WHAT YOU ARE ASKED TO DO ->
Beginning with the line containing "Nefertiti Lotus Earrings Silver" and ending with the line containing "Pink Minnie girl bow Theme 2", write out each line of the records below exactly; pictures and lines outside that range are left out.

START DATASET EXTRACT

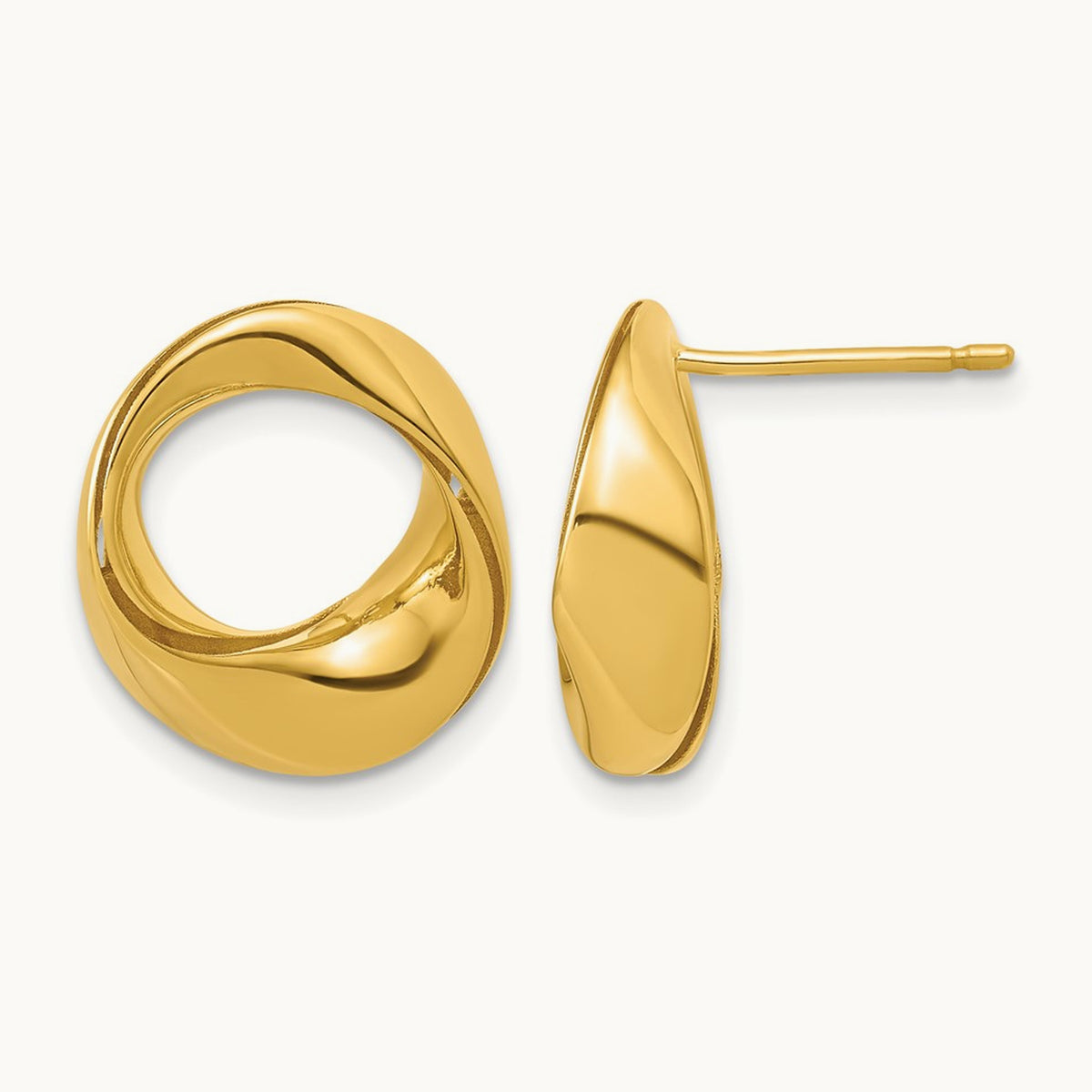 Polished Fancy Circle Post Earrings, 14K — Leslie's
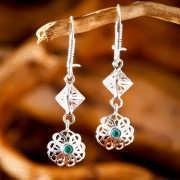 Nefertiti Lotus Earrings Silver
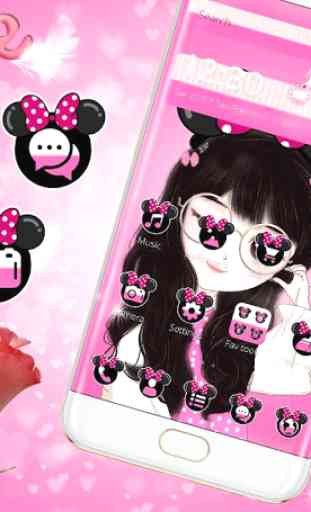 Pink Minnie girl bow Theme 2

END DATASET EXTRACT
START DATASET EXTRACT

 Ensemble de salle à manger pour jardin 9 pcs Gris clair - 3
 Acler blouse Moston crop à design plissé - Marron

END DATASET EXTRACT

RESULT BELOW ->
 Nefertiti Lotus Earrings Silver
 Pink Minnie girl bow Theme 2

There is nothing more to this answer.